Dataset
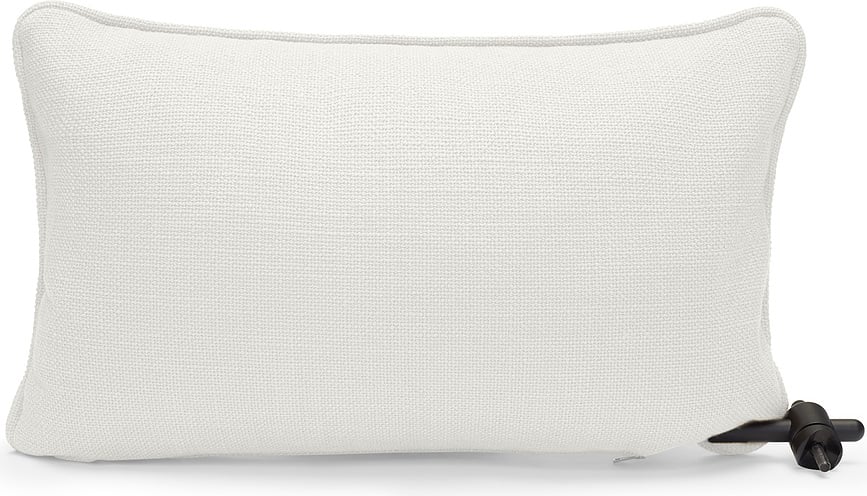 Sumo ΥΠΟΒΡΑΧΙΟΝΙΟ για καναπέ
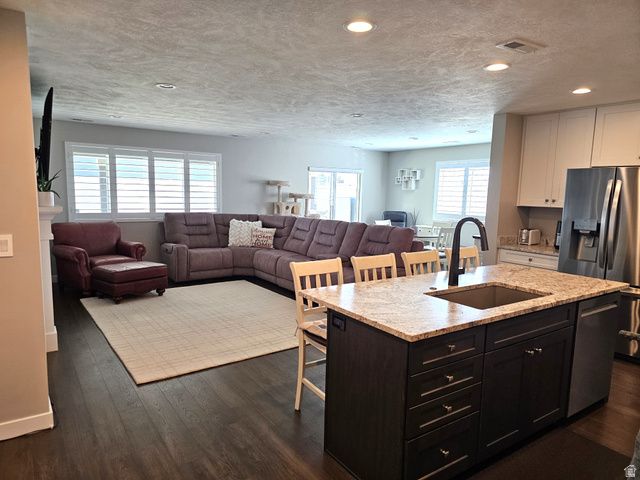 379 W 850 S, American Fork, UT 84003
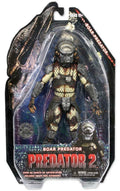 NECA Series 4 Boar Predator Action Figure - Avayadevconnect
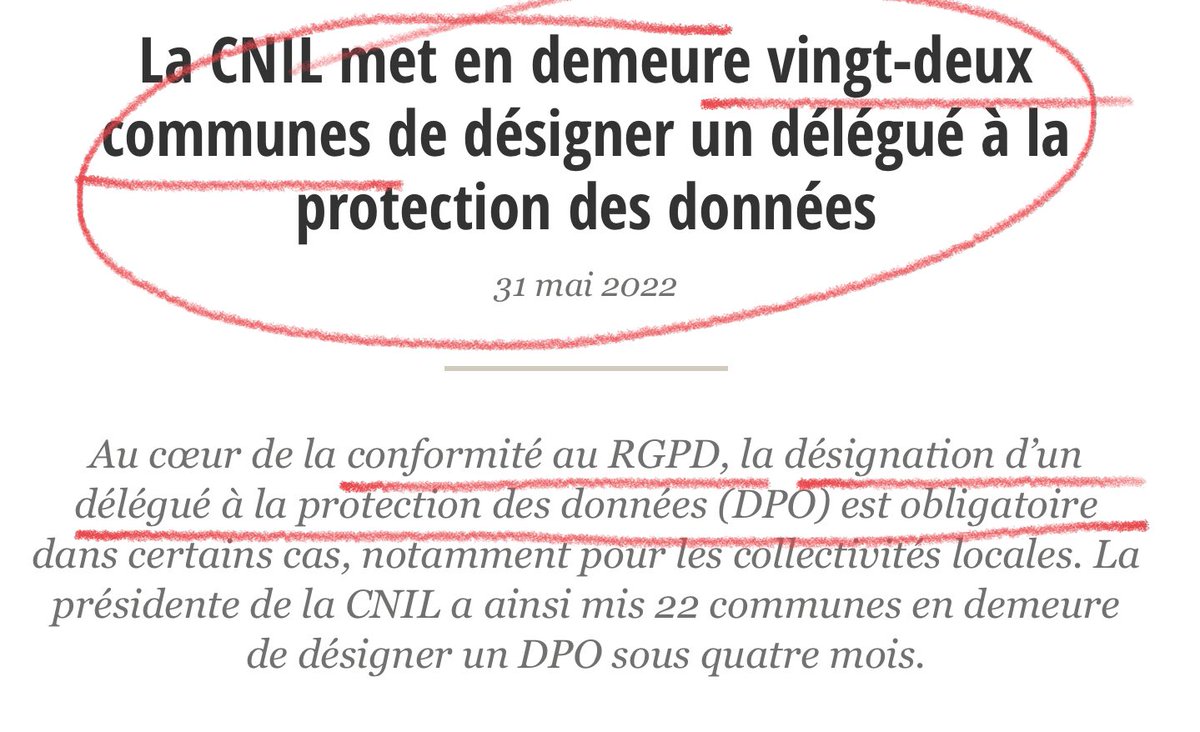 Jacques Priol tweet media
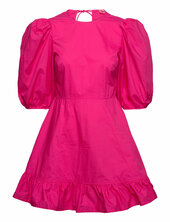 Lilo Custommade Pink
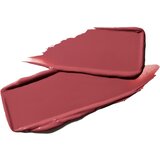 MAC Cosmetics MACximal Sleek Satin Lipstick kremasti hidratantni ruž za usne nijansa Sitting Pretty 3,5 g | shoptok.hr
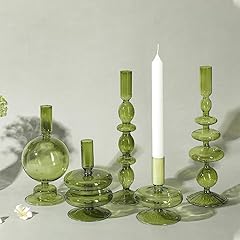 Rtteri pcs glass for sale  Delivered anywhere in USA 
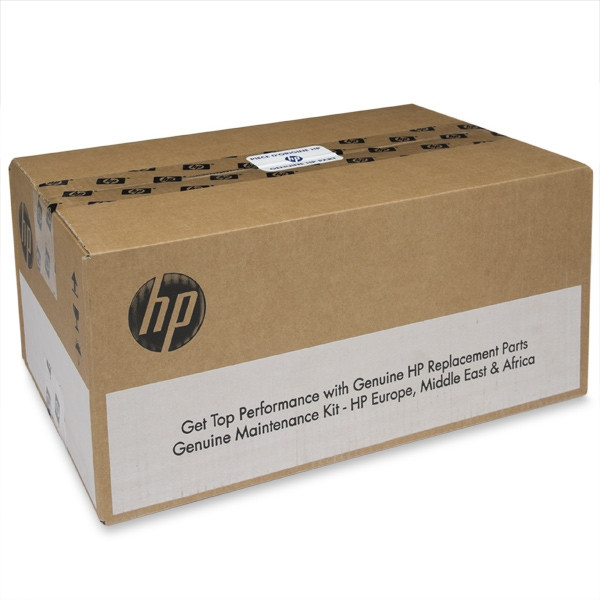 HP RM1-3741-030CN fuser for Laserjet P3005 RM1-3761-000CN RM1-3761-020CN 039856 - 1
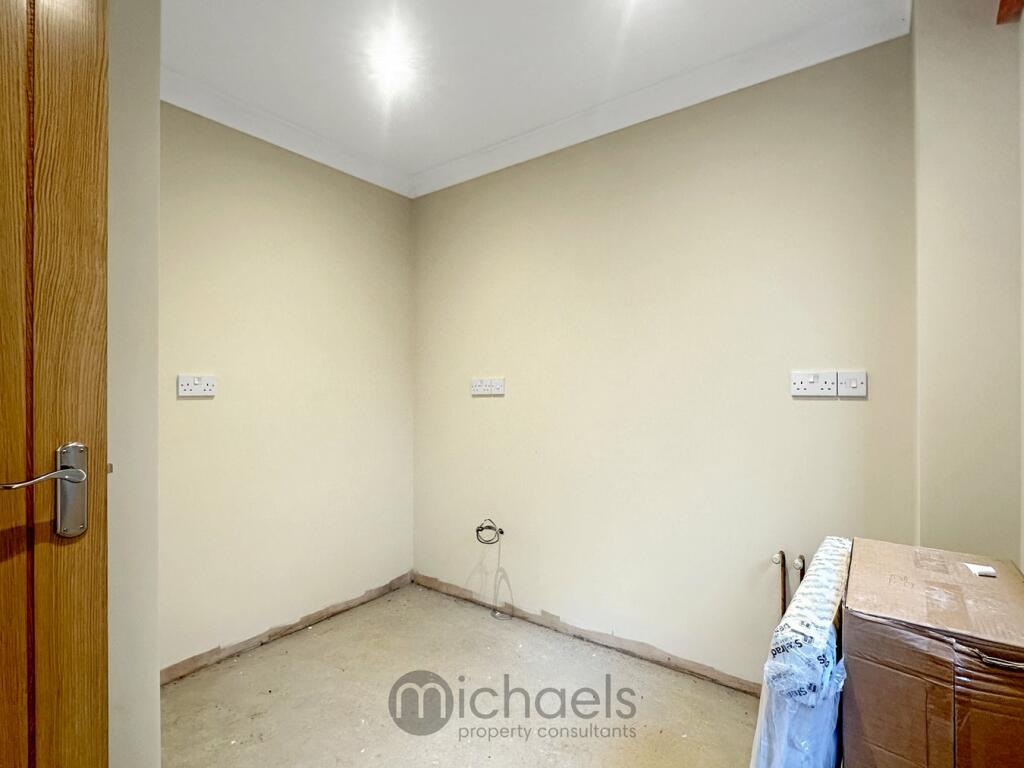 Additional image 6 of Harwich Road, Lawford, Manningtree, CO11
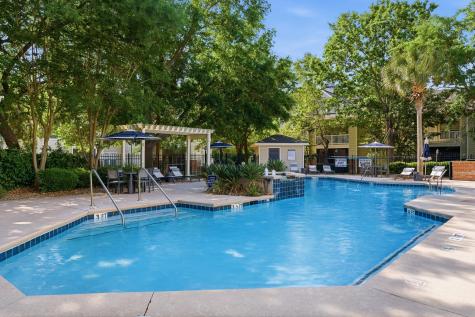 1100 Legends Club Drive Mount Pleasant SC 29466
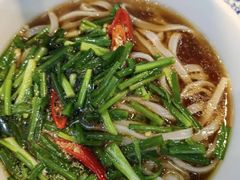 -金洲美食(金州广场店)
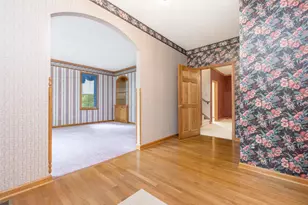 129 Tanglewood Dr, West Liberty, OH 43357 - Photo 33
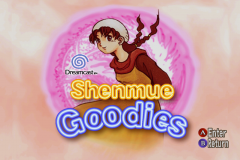 39.-Shenmue-Goodies
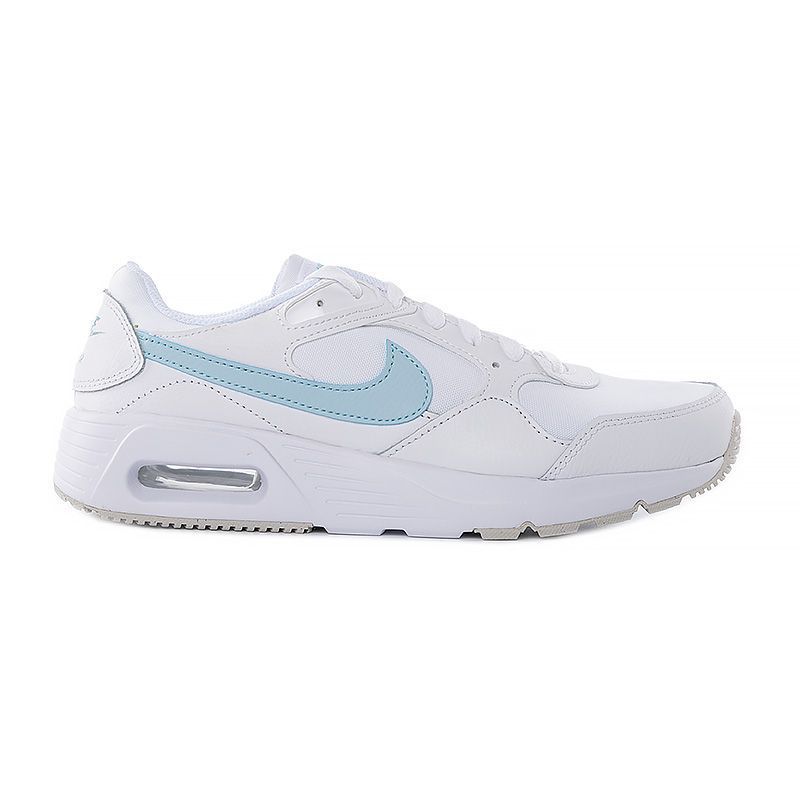 Кросівки Nike AIR MAX SC купити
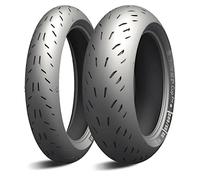 Michelin Power Cup Evo 110/70ZR17 54W TL Front M/C
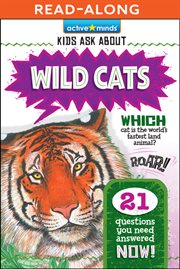 Kids ask about wild cats cover image cdn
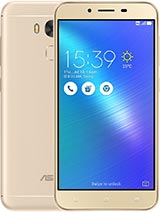 Best available price of Asus Zenfone 3 Max ZC553KL in Libya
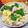 めみたん☆'s cooksnap of when they made まぐろフレークで♪簡単ちらし寿司.
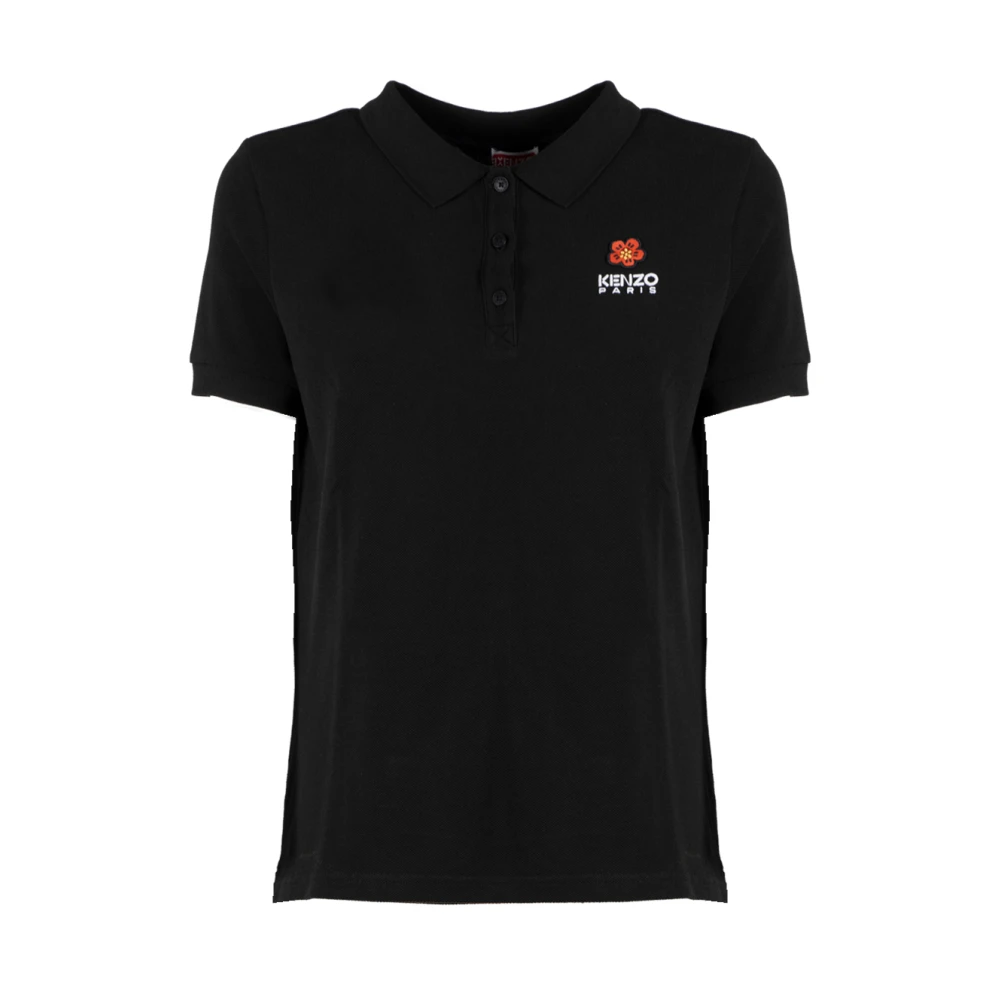 Tops > Polo Shirts - - Kenzo - Modalova
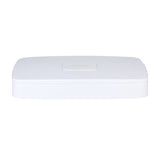EAN 6923172573551 - Dahua Technology Lite NVR2108-8P-4KS3 Grabadore de vídeo en red (NVR) 1U Blanco imagen 3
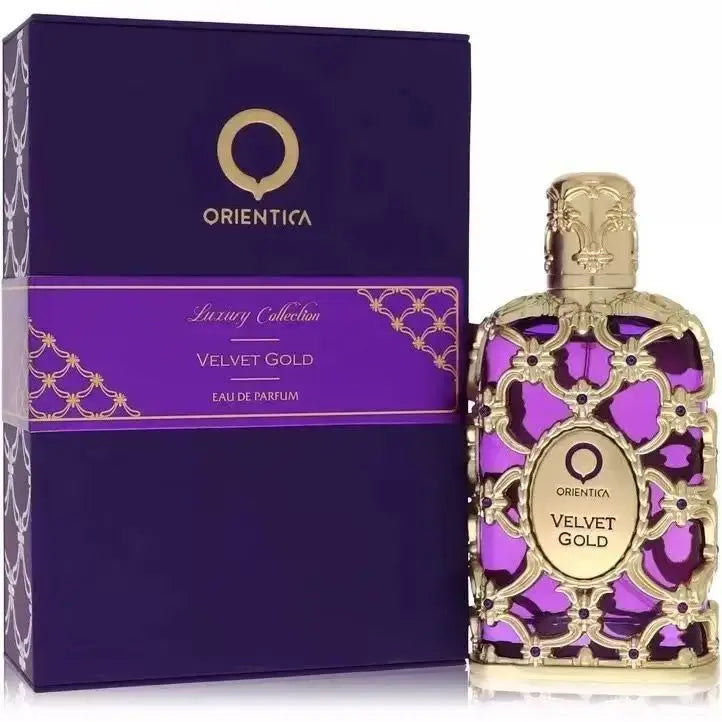 Orientica Oud Saffron Men Women Eau De spray Unisex Neutral Cologne long lasting perfumes de mujer originales perfume for woman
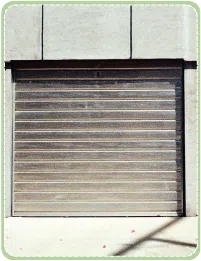 Expert Garage Doors Repairs Austin, TX 512-688-6045 - sb-services-02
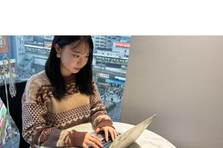 学生インターン大募集！広告代理店の長期インターン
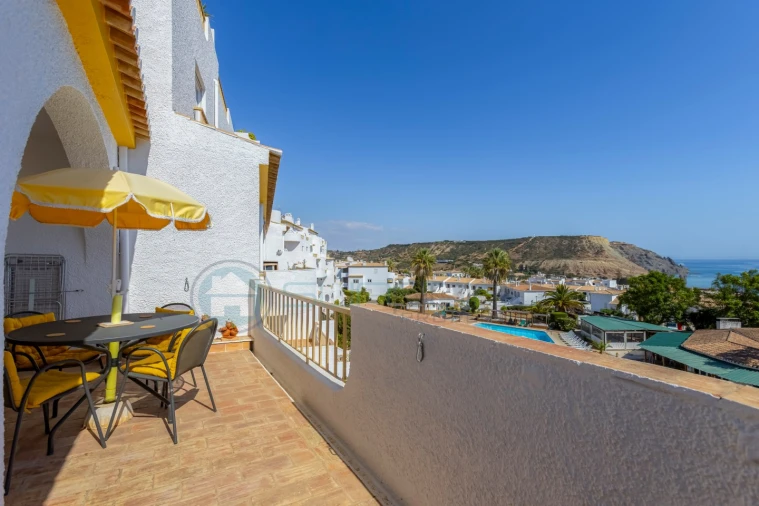 Apartamento T2 para Venda em Luz Foto 11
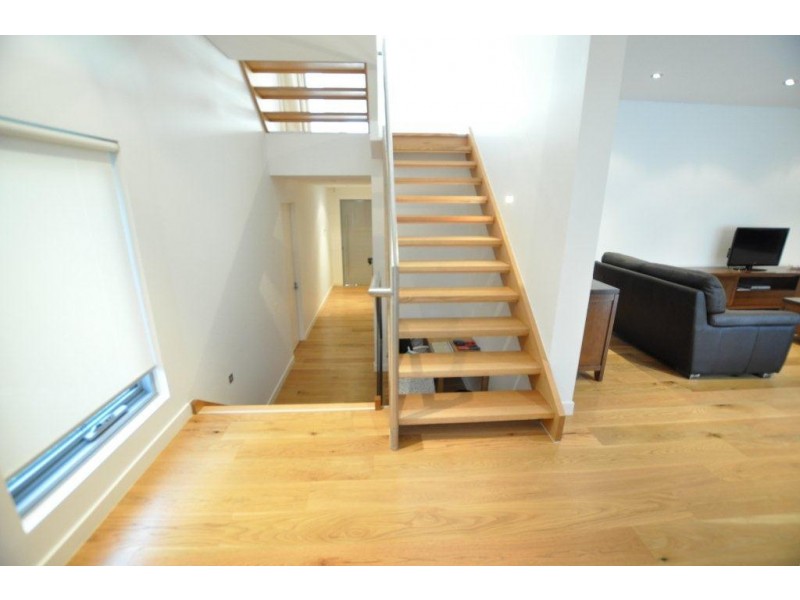 6A Guest Close, Kew VIC 3101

Aim of the exercise
Reproduce only the lines between the line with "NECA Series 4" and the final line of the records, both included, so that the copy matches them exactly and contains no pictures.

Output for this exercise
 NECA Series 4 Boar Predator Action Figure - Avayadevconnect
 Jacques Priol tweet media
 Lilo Custommade Pink
 MAC Cosmetics MACximal Sleek Satin Lipstick kremasti hidratantni ruž za usne nijansa Sitting Pretty 3,5 g | shoptok.hr
 Rtteri pcs glass for sale  Delivered anywhere in USA 
 HP RM1-3741-030CN fuser for Laserjet P3005 RM1-3761-000CN RM1-3761-020CN 039856 - 1
 Additional image 6 of Harwich Road, Lawford, Manningtree, CO11
 1100 Legends Club Drive Mount Pleasant SC 29466
 -金洲美食(金州广场店)
 129 Tanglewood Dr, West Liberty, OH 43357 - Photo 33
 39.-Shenmue-Goodies
 Кросівки Nike AIR MAX SC купити
 Michelin Power Cup Evo 110/70ZR17 54W TL Front M/C
 Kids ask about wild cats cover image cdn
 Best available price of Asus Zenfone 3 Max ZC553KL in Libya
 めみたん☆'s cooksnap of when they made まぐろフレークで♪簡単ちらし寿司.
 Tops > Polo Shirts - - Kenzo - Modalova
EAN 6923172573551 - Dahua Technology Lite NVR2108-8P-4KS3 Grabadore de vídeo en red (NVR) 1U Blanco imagen 3
 Orientica Oud Saffron Men Women Eau De spray Unisex Neutral Cologne long lasting perfumes de mujer originales perfume for woman
 Expert Garage Doors Repairs Austin, TX 512-688-6045 - sb-services-02
 学生インターン大募集！広告代理店の長期インターン
 Apartamento T2 para Venda em Luz Foto 11
 6A Guest Close, Kew VIC 3101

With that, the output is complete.